§ **WHAT YOU HAVE TO DO**: In the records below, reproduce exactly the lines from the one containing "Hokori vs Team" through the one containing "Grade-St Black Rosewood", both included, and omit the pictures.

§ **DATA FOR THIS TASK**:

- Opening Delimiter -

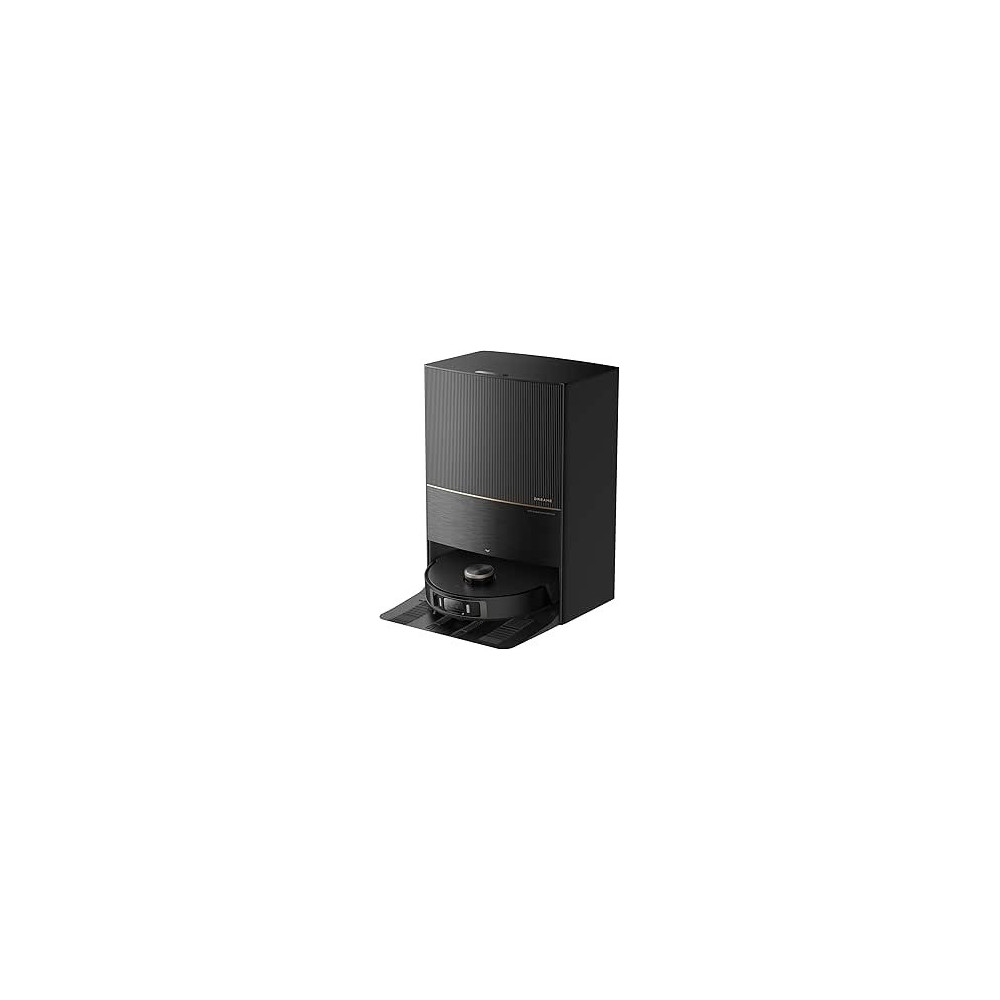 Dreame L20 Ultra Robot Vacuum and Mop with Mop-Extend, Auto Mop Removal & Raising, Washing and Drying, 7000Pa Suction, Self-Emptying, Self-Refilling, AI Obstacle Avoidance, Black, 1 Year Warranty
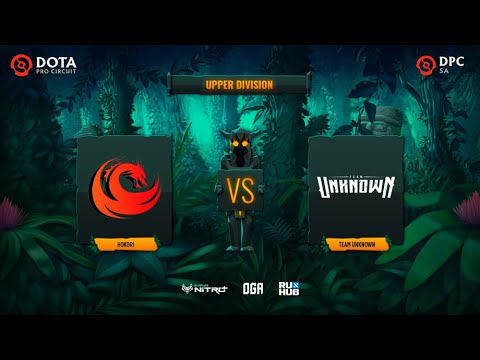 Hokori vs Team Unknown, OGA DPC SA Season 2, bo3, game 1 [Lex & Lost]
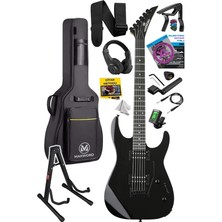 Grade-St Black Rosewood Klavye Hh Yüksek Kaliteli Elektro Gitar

- Closing Delimiter -
- Opening Delimiter -

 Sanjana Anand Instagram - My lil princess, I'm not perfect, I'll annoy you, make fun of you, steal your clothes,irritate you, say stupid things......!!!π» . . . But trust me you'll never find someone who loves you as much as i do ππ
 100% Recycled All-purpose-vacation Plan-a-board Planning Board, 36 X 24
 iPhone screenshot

- Closing Delimiter -

§ **ANSWER TO THIS PROBLEM**:
 Hokori vs Team Unknown, OGA DPC SA Season 2, bo3, game 1 [Lex & Lost]
 Grade-St Black Rosewood Klavye Hh Yüksek Kaliteli Elektro Gitar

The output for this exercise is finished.